Predictors

Predictors work just like aggregators except that they return a time series that represents the future of the series it is applied on.

To get a more complete understanding of the different type of aggregators, please refer to the whitepaper RD5.

Three predictors are currently implemented:

  • Least squares

  • Holt

  • DLM

DLM

DLM Stands for Dynamic Linear Models. It is the easiest and most reliable predictor out of the three, and should thus be preferred in most situations.

However it can however be very intensive in terms of computing power: the complexity of this algorithn increases exponentially with the number of samples used in the prediction. The maximum number is limited by the skyminer.dlm.max_datapoints property of the configuration file.

../_images/dlm.png

It has three parameters:

  • The number of predictions to be performed. Interval between predictions depends on the regularity of your data and is automatically assessed.

  • The name of the model that is used for the prediction. It must be one of

    • AUTO,

    • DETERMINISTIC_LINEAR,

    • DETERMINISTIC_EXPONENTIAL,

    • STOCHASTIC_LINEAR,

    • STOCHASTIC_EXPONENTIAL,

    • RANDOM_WALK,

    • GENERAL

  • A boolean to show the time series with the predictions or not.

Holt

Holt hestimated the local trend of the timeseries, and can tolerate any amount of data with any regularity.
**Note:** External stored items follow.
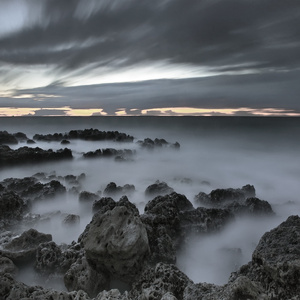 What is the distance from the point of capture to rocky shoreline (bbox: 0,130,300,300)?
322 centimetres

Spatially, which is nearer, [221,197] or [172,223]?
[172,223]

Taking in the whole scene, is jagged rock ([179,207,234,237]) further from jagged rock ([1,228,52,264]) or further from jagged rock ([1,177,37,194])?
jagged rock ([1,177,37,194])

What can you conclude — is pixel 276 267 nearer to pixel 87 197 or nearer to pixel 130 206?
pixel 130 206

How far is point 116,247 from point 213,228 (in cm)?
333

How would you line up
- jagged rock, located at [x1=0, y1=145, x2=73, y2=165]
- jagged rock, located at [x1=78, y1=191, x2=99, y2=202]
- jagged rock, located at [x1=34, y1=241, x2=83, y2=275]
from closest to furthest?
jagged rock, located at [x1=34, y1=241, x2=83, y2=275] → jagged rock, located at [x1=78, y1=191, x2=99, y2=202] → jagged rock, located at [x1=0, y1=145, x2=73, y2=165]

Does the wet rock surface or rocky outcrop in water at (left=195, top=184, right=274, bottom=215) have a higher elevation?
the wet rock surface

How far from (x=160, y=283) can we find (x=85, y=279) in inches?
47.9

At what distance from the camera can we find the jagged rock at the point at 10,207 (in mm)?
6918

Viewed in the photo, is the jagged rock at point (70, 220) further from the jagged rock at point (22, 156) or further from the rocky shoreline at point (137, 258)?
the jagged rock at point (22, 156)

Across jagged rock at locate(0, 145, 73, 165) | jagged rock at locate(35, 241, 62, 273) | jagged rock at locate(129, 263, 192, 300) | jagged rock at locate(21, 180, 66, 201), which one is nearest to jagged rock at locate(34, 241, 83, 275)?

The downside is that the smoothing parameters must be evaluated manually, making this algorithm hard to use for inexperienced users. Finally it can only predict one sample, as predicting more than one wouldn’t be relevant.

../_images/holt.png

It has three parameters:

  • The level, which indicates how weight is balanced between the previous samples and those before.

  • The slope.

  • A boolean to show the time series with the predictions or not.

Least Squares

Least squares estimates the global trend of the timeseries, and can tolerate any amount of data with any regularity.

../_images/least_squares.png

It has two parameters:

  • The number of predictions.

  • A boolean to show the time series with the predictions or not.

Advanced

DLM

All the implemented models are designed to extract a periodic pattern and a trend. Thus the state space is always of the dimension of the period, with one element Tt and p-1 elements St. The dynamic equation modelling seasonality remains the same through all models:

S_t + S_{t-1} + ... + S_{t-p+1} = w_{t2}

It is very important that used data is structurally regular (consistent sampling rate) with possibly some missing values. If data sampling is irregular, it will be rejected by the processor. The aggregation tools offered by Skyminer allow you to easily prepare data in an appropriate manner.

See the section on data requirements for more precise information.

Parameter Estimation

Defining a dynamic linear model is only the first step. The core of the pattern matching is actually the parameter estimation.

For a given period p, parameters α, ϕ, w_t1, w_t2 et v_t are estimated with a powerful trust region algorithm called BOBYQA, created by Powel (Powel, 2009). This algorithm tolerates simple constraints which is very interesting as we would like to avoid estimating negative variances with the algorithm. Even if it is an efficient optimisation algorithm, our problem is strongly non-convex and thus good initialisation of parameters is crucial.

The periodic nature of the sequence must be assessed. As per the model, for a period of length p the state contains p-1 variables S_t in charge of estimating the values of the function during the period. If periods become large, this implies a very large state space, and thus very heavy computations. Moreover parameter estimation must be realised for each period length. To keep computational time reasonable, two techniques are employed:

  • Sparse matrix computation, which allows to keep the complexity of a matrix/vector product linear and matrix/matrix product quadratic.

  • Multiscale period evaluation. The idea is to evaluate the quality of the period length parameter for long periods first on a downsampled version of the data. Only the best period is selected and assessed on the finer data. This avoids optimising the parameters for every single period length between 2 and the maximum period length, and more importantly it limits the number of long period evaluations.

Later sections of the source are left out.